Interpreted another way, a single sample in the original, will affect 1 or 2 samples in the output. If it was guaranteed to be 2, then if the output resolution is less than 2x the screen pixels, then it should still be fine (even if every second output sample is not displayed). However with some only affecting 1 output sample, any screen decimation might still result in it being dropped.

What I want to do, is figuring out what the ratio of input samples to screen pixels is and then setting up a smoothing kernel of atleast that length. Potentially for my case, I would like a non-linear higher order summation (see higher order norms), to allow higher values to dominate, instead of being diluted so much (in the extreme just taking the sliding max over that kernel length).

Technically my challenge is just:
-getting feedback on the figure pixel resolution
-find a mechanism to get updates based on pan/zoom changes, triggering a refresh of the display data
-A nice to have extra for later would be able to do better than just max, since max raises the noise floor as well, should try to somehow maximise contrast.
-Is there a better backend than plotlyjs, that can support pan,zoom, colorbar for a heatmap (or image)?

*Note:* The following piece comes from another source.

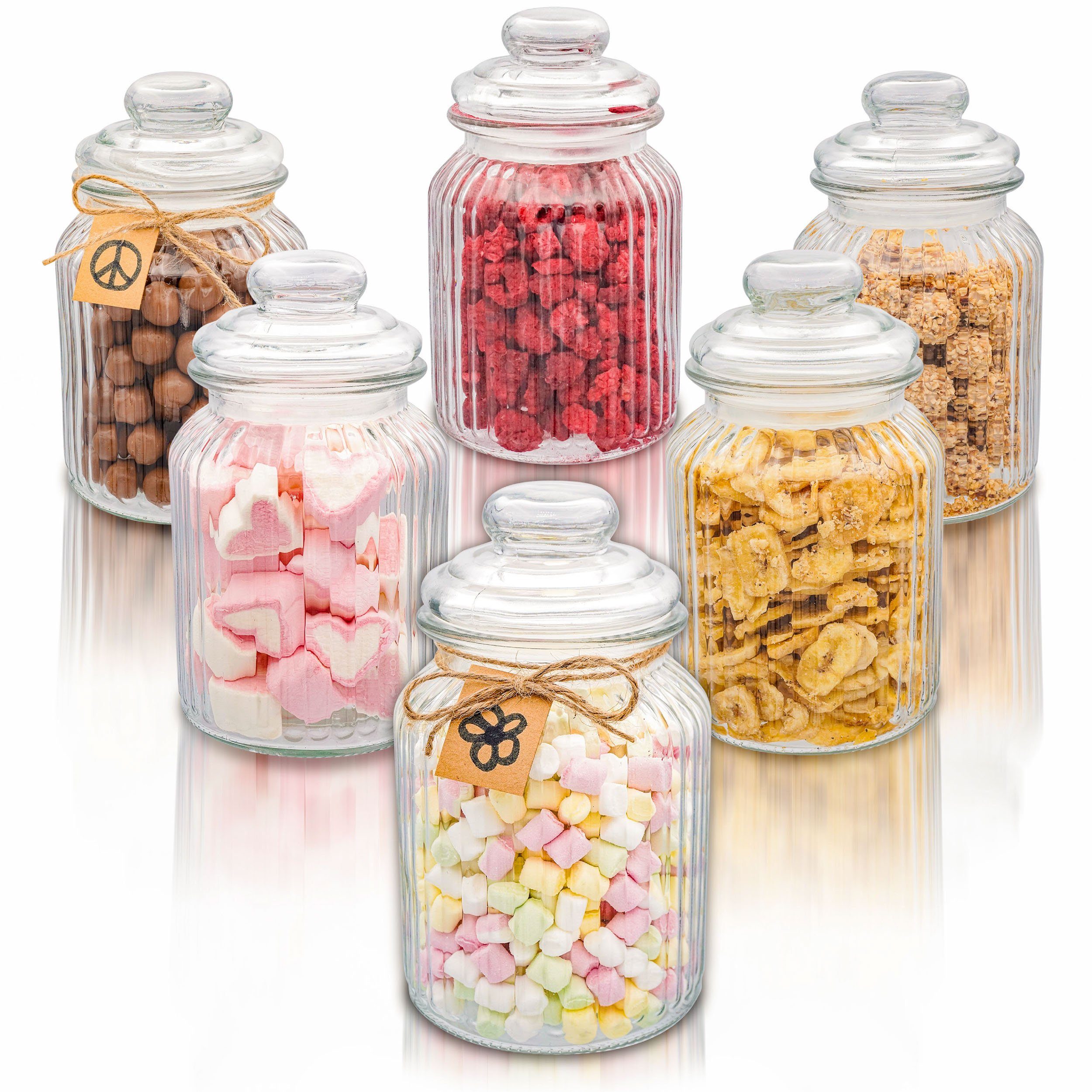Deckel (Set, 6-tlg), Kekse, - Süßigkeiten - Groß Für Luftdicht Mit Bar Praknu Candy - 6er 1L, Glas, Etiketten mit Gläser Bonbonglas Set Vorratsglas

And on a generalisation level:
-Interest from others, or is this not a problem for many other domains?
-What flexibility would be required from this in order to be useful? Is there a need for minimum as well?
-What about pure averaging/smoothing for other applications, especially since heatmaps in Plotlyjs seems to get very slow with large amounts of pixels. Or is that a problem on my system setup and not a general issue?


#7

If you want interactivity with a full plotting framework, I think GLVisualize/GLPlot is the way to go. I believe it already has support for these things, see the GLPlot/examples/imageview.jl example.

If you’re mostly looking at raw images and don’t need a full plotting framework, GtkReactive is much lighter, has good support for pan and zoom, and doesn’t depend on OpenGL. The examples/imageviewer.jl might be helpful. At a minimum you’d probably also want to call init_pan_drag (this is just 1 extra line).

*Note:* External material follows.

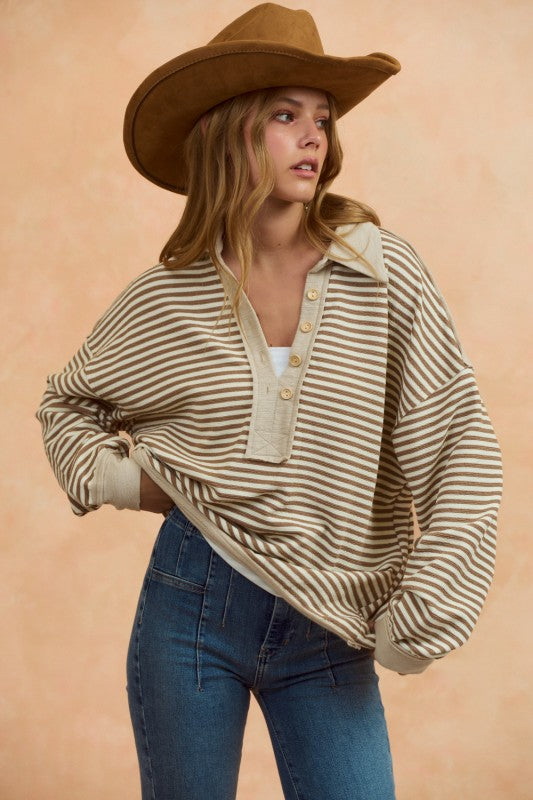 Vintage Loose Fit Collared Striped Top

I’m in the process of rewriting ImageView to use GtkReactive. Among other things this will preserve pixel aspect ratios and offer a contrast GUI. (The current ImageView does these things already, but the pan/zoom support is not as flexible.) But I’m doing this partially to provide flexible short-term options; long-term, I think GLVisualize is the way to go.


#8

Why (read as: i don’t disagree, but some reasoning should be here)?


#9

GLVisualize is built, from the ground up, to emphasize interactivity. That’s very different from a framework that emphasizes the production of publication-quality plots (which is a great thing) but where interactivity is basically an add-on.

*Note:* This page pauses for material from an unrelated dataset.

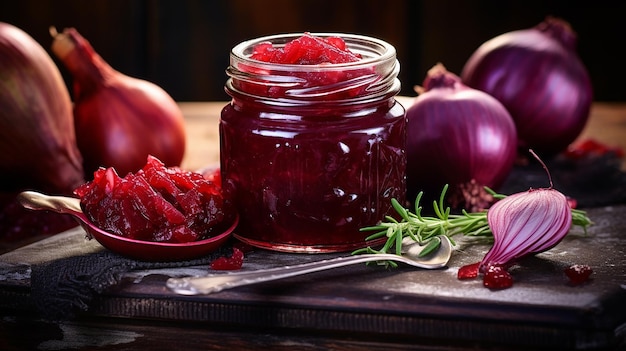 Confiture d'oignon rouge dans un pot de confiture de légumes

The fact that it has very high performance doesn’t hurt either, and reflects its focus on supporting interactive visualization.


#10

I should have also added a couple of other points:

  • ImageFiltering’s mapwindow can handle nonlinear filters. It’s designed to produce one output per pixel, though, so it’s not immediately applicable to this problem. Still, you might find some inspiration.
  • If you come up with some useful decimation tools, adding them to imresize (ImageTransformations) would be appreciated

#11

I’ll go look at GLVisualize in detail again. Last had a look in 0.4.6 and seemed very unstable at that time.
I forgot about it, due to not being in the Plots documentation backends table (in the interactive list).
Also the more recent example of it I saw was used for showing a 3D object without any axis etc. (I didn’t really want to have to build all of that infrastructure from scratch).
However first glance at the GitHub home page, looks very promising. Thanks Tim, this looks like it might be a much better focus than either trying a sluggish Plotlyjs and/or wrapping a completely new framework from scratch.

Agreed that optimising design for interaction versus publication can have huge implications.